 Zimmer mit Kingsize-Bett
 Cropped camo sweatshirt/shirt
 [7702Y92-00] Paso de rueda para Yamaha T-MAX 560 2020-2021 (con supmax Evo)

- [TASK REQUIREMENTS]: The answer must be the full listing, repeated exactly.

- [RESPONSE BELOW]:
 Zimmer mit Kingsize-Bett
 Cropped camo sweatshirt/shirt
 [7702Y92-00] Paso de rueda para Yamaha T-MAX 560 2020-2021 (con supmax Evo)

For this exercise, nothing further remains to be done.